While some recent Yale graduates flock to bustling cities like Boston, New York or Chicago, others, like Sam Hollister ’18, take their talents back to their hometowns.
Hollister, who graduated from Yale with degrees in music and mathematics, moved back to his hometown of Jamestown, Rhode Island to found the Aurora Collaborative. Aurora is a nonprofit chamber music and arts program for students, community members and professionals of all ages.
“I always have had a huge affinity for musical collaboration and I owe a lot of my musical passion to the work that I did on chamber music throughout my youth,” Hollister said. “So, I wanted to go back home after college and spend time building a musical community dedicated to expanding and reinventing that enriching experience I had when I was younger.”
Aurora seeks to enrich the chamber music experience by encouraging interdisciplinary collaboration among participating artists. The collaborative achieves this mission by pairing visual arts exhibitions with live music performances.
Hollister’s vision for Aurora coalesced after he considered starting an orchestra or community outreach program. Aurora’s first exhibition, which took place on Nov. 3, was titled “Contrasts.” It was hosted at the North Kingstown Free Library and featured photography by Rhode Island native Brooke Milosh ’21. Each photograph accompanied a piece of music that members of the chamber ensemble performed at the concert.
Milosh noted that Aurora’s concert schedule differs from other chamber music groups. While many groups rehearse for an extended period and host a showcase at the end of the season, Aurora plans to host multiple smaller concerts throughout the year.
The location of each concert is intentional, according to Milosh. Venues are often community centers, like libraries and art galleries, that will attract an audience from that specific community.

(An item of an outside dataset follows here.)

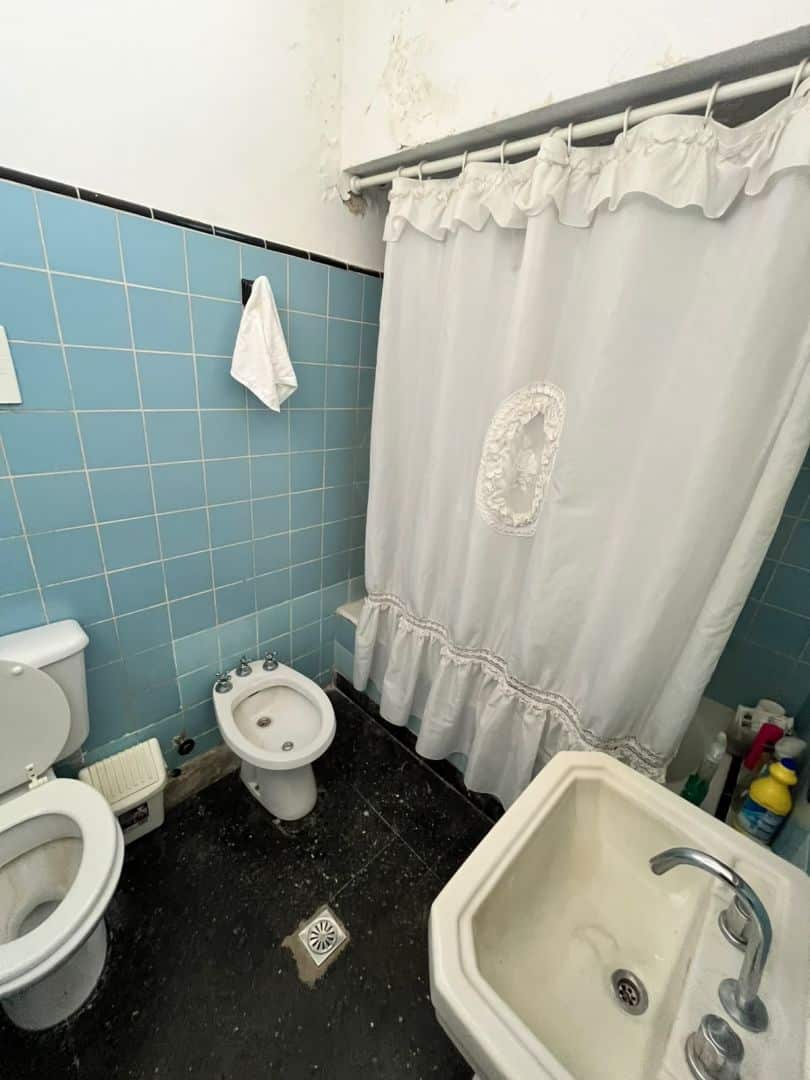 39beb61d44af0f130688aa362c142015 Chalet en venta 3 ambientes con parque apto crédito - Villa Primera - foto 10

“What makes the Aurora Collaborative truly special is the fact that it incorporates art and lectures with the music, allowing other members of the community to be included in the performances,” Milosh said. “I really love that Aurora is more than just a chamber music group — it is an arts collaborative that brings a lot of different people together.”
Sofia Laguarda ‘20, the secretary for Aurora and a member of its board, echoed this sentiment, highlighting the opportunities Aurora gives its performers.

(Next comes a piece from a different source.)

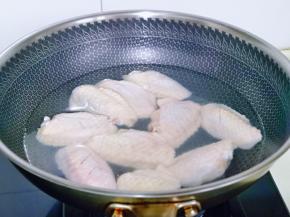 鸡翅焯水，冷水下锅，大火烧开，煮2分钟。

“I think Sam really wants the performers to feel like their music is alive and important — especially young people and students, who typically learn music by practicing in their rooms and performing for their parents twice a year at recitals,” Laguarda said. “Part of the appeal of Aurora is that artists at all levels are working together, so students can see how adults and professionals are engaging with art throughout their lives.”
Aurora’s second performance took place on Nov. 9 at the Coastal Contemporary Gallery in Newport, Rhode Island. The exhibit included pieces of fine art and fashion, as well as Hollister’s original composition “Unravel” for harp and cello — featuring an 11-year-old harpist and 16-year-old cellist.

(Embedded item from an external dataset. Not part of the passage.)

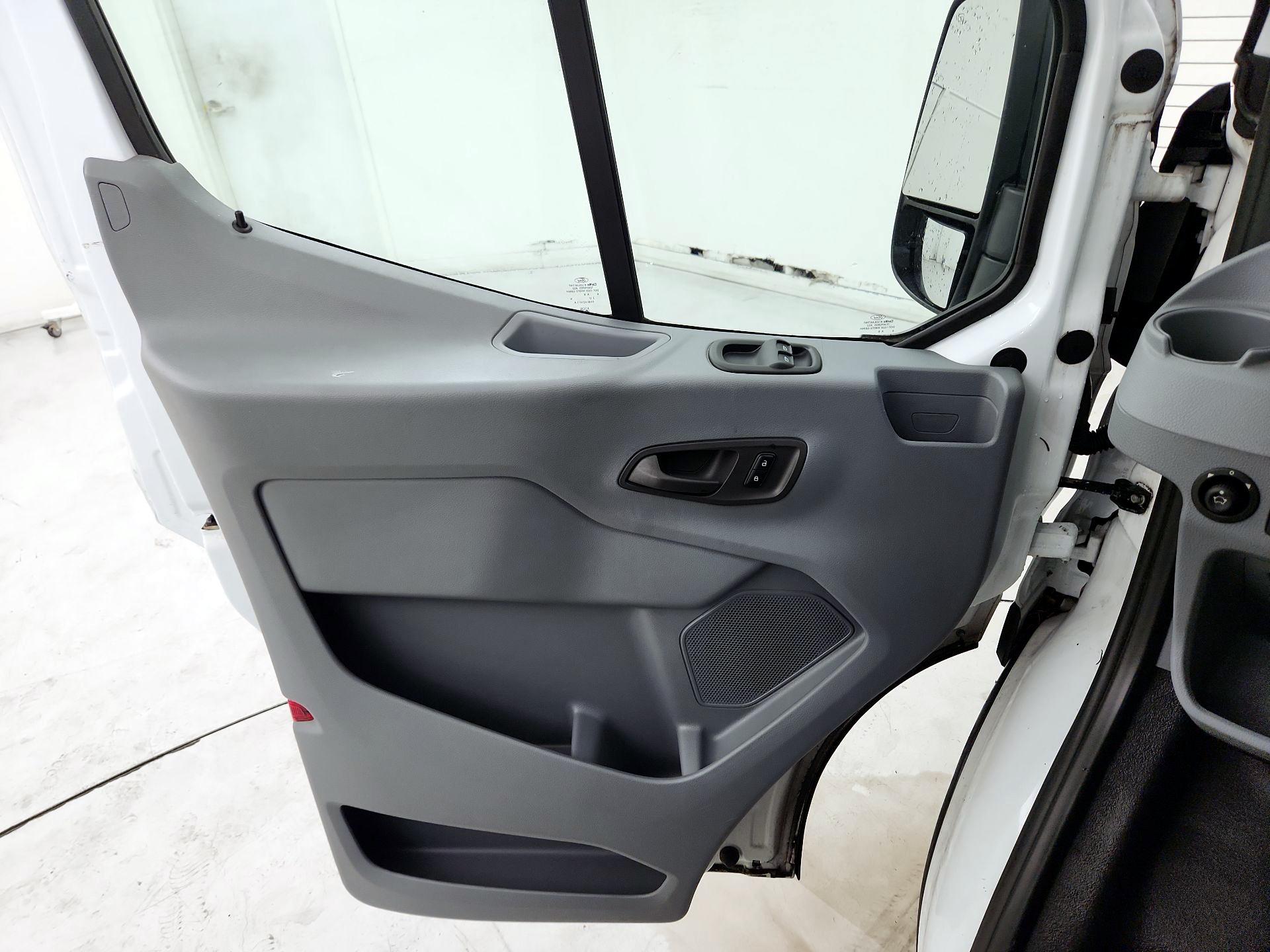 Thumbnail: 2017 Ford Transit Series - 12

Hollister enjoyed seeing how the “hidden corners of the professional fine arts world meld with the world of the student musician” during this event. Still, for Hollister, the level of community support remains the best part of this endeavor.
“It’s as though they have always wanted a program like this but never knew it,” Hollister said. “I had no clue it would be like that. The platform is flexible and able to provide the opportunities to the community that its members want, and so far, it’s going beautifully.”
Aurora also plans to host discussions featuring music historians and “ear-thinking” sessions with Hollister prior to performances. These sessions seek to inform audiences about elements of music theory in order to enrich their concert-listening experience and help move theoretical discussions outside of academia.
Hollister received assistance in his endeavors from several mentors, including his longtime piano teacher Manabu Takasawa, high school music director Norma Calazza and a founding member of the Jamestown Community Piano Association, Janet Grant.